Appendix A
Background and Methodology
Social Care Working Group
The Social Care Working Group convened over 18 months to re-examine the care system and engage on some critical questions placing the worker at the centre of the system. This group involved representatives from trade unions, the Chief Social Work Office, Scottish Government, SSSC, SCVO, CCPS, Scottish Care, COSLA, Social Work Scotland and the University of Strathclyde. They met every two months for 18 months. Each meeting was themed and invitations were extended to others. The group heard evidence from persons with lived experience of social care services; from union officials representing workers, social care providers delivering care on the frontline; and academic experts with expertise in gender and disability who provided the group with historical context and provided examples of alternative international models of social care. We also heard from Scottish Government policy officials leading on different aspects of current social care policy and members of the group also heard from each other. The group worked through a series of steps to define the issues, understand and map connections with the aim of recommending actions that would help deliver a social care system that would provide fair work.
Social care as a complex system
The aim of the inquiry was to determine what was needed to implement the Fair Work Framework across the whole social care workforce.
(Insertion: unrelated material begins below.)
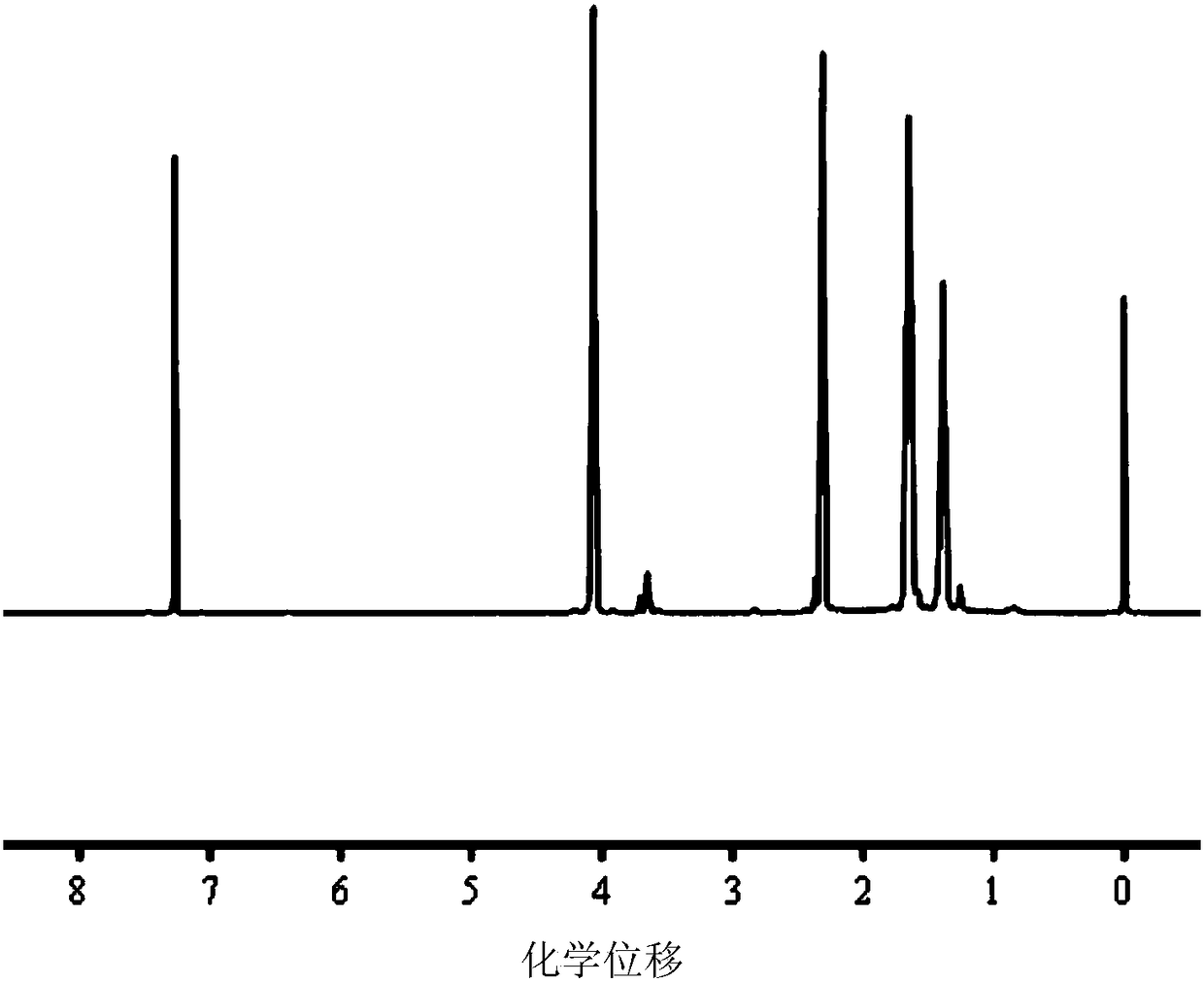 Glutathione response type double-loading medicine polymer micelle and preparation method and application thereof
Because social care sector is a complex system, a systems approach was adopted.
Systems thinking is a holistic approach to analysis that focuses on the way that a system’s constituent parts interrelate and how systems work over time and within the context of larger systems. The aim was to better appreciate how the system looked from the perspective of the worker.
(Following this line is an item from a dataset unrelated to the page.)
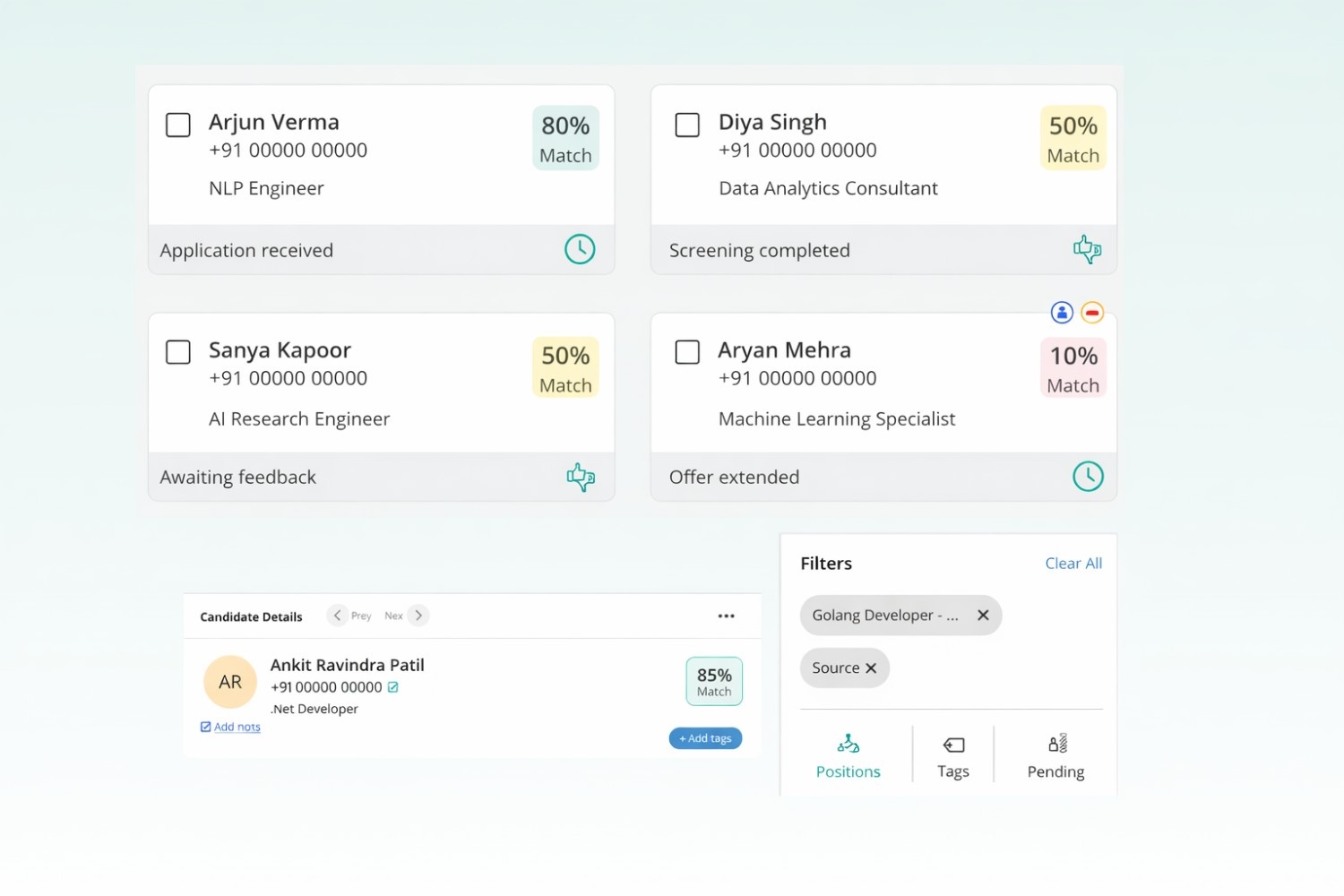 Ranked Candidate List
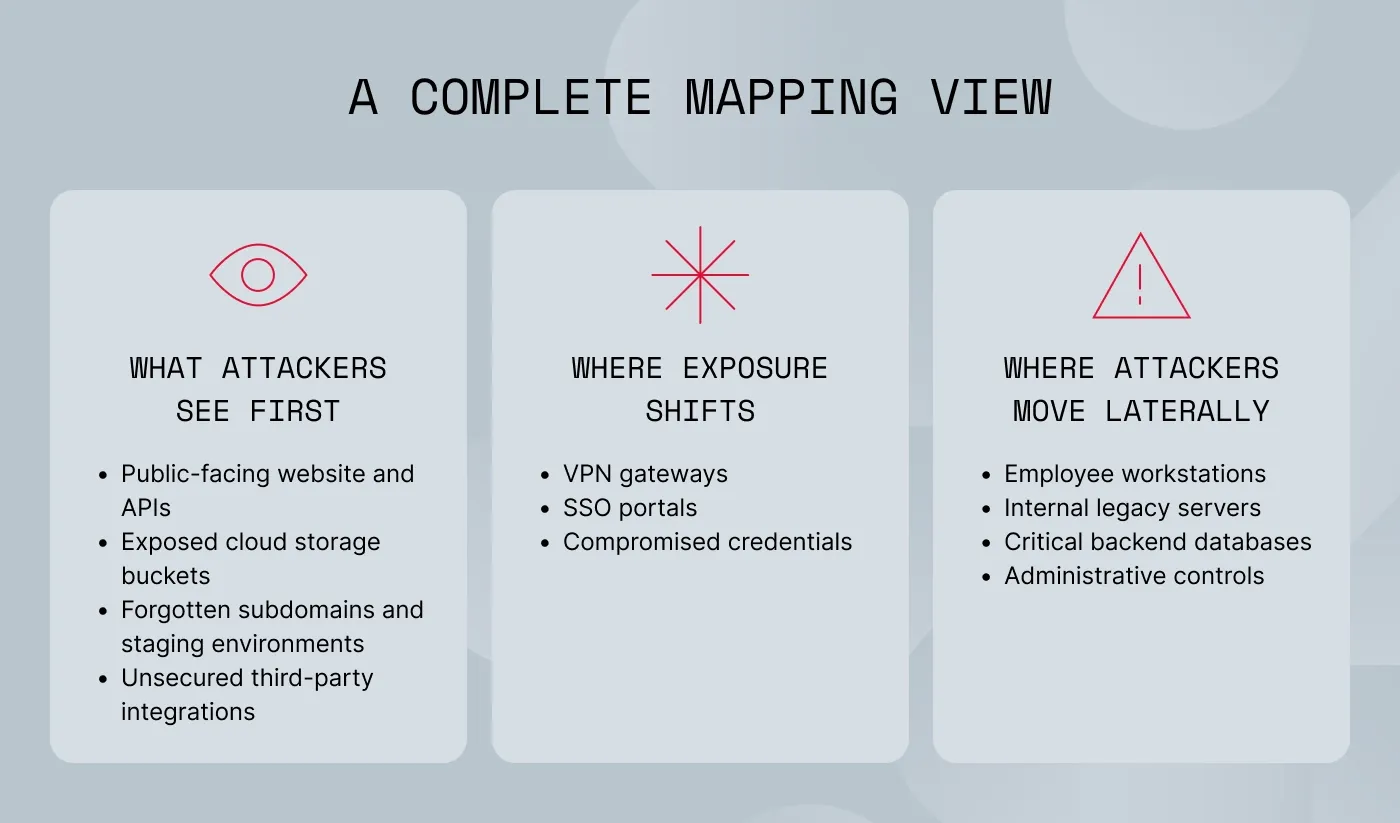 Attack surface mapping overview diagram.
Different people, with different points of view and who see different parts of the social care system, were invited to come together and to learn together to collectively see what was happening in the social care sector and the unforeseen results that could be experienced by the worker within the system. Representatives of the key social care infrastructure were asked to join the working group: the leaders and policy makers in social care who were responsible for governance and management of the sector and who, together, could provide a picture of the sector as a whole system from policy development, to funding, commissioning to delivery.
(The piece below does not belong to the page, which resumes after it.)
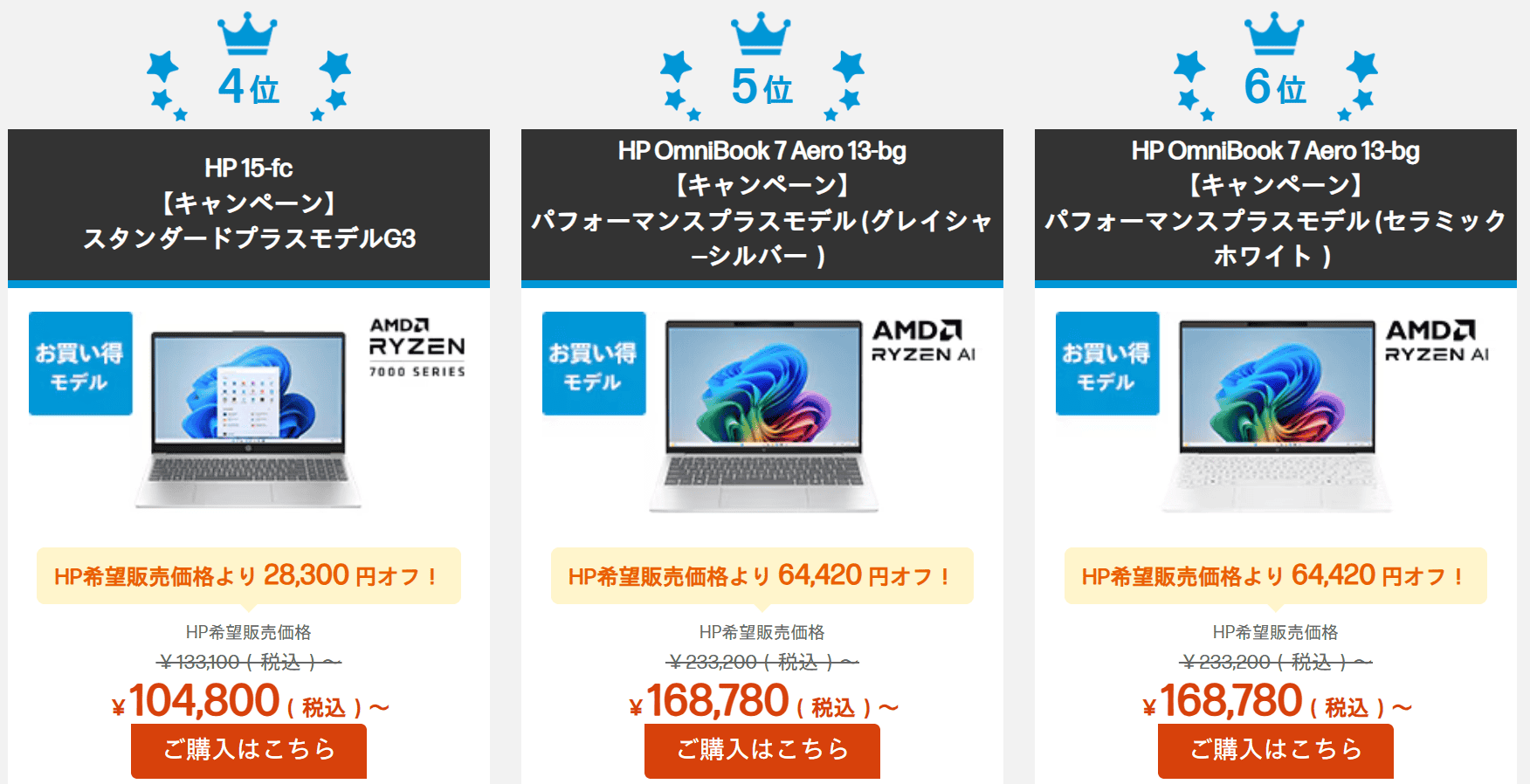 ノートパソコン人気ランキング(2026年最新版)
This Inquiry had two main components. The first component was commissioned research from the Scottish Centre for Employment Research at the University of Strathclyde, using the FITwork project methodology, to provide evidence from people working at the frontline of care. This resulted in two research reports by the SCER researchers, which are published separately on Fair Work Convention’s website:
1. Personal Assistants working under SDS Option One: experiences of fair work
2. Fair, Innovative and Transformative Work in Social Care
Inquiry Questions:
- What are the arrangements for effective voice? Where voice is weak, what are the barriers to voice and how can that be addressed?
- What is the prevalence of precarious working in the sector, what drives the reliance on precarious work, what are the barriers to improved security and how can they be addressed?
- What is the current role of commissioning bodies? What evidence is there that the commissioning and procurement system tolerates, facilitates and/ or actively promote precarious working in social care?
- Do commissioning bodies use procurement/commissioning and contract compliance systems to embed and maintain fair work standards, have the Fair Work dimensions been written into Integrated Joint Board strategic commissioning plan? If not, why not?
- How do regulators such as the Care Inspectorate, SSSC & others engage with Fair Work objectives currently? How can they better monitor and respond to situations where precarious employment and unfair work undermine care standards and regulatory compliance?
- What whistleblowing arrangements are available to social care clients and employees where precarious employment and unfair work undermine care standards?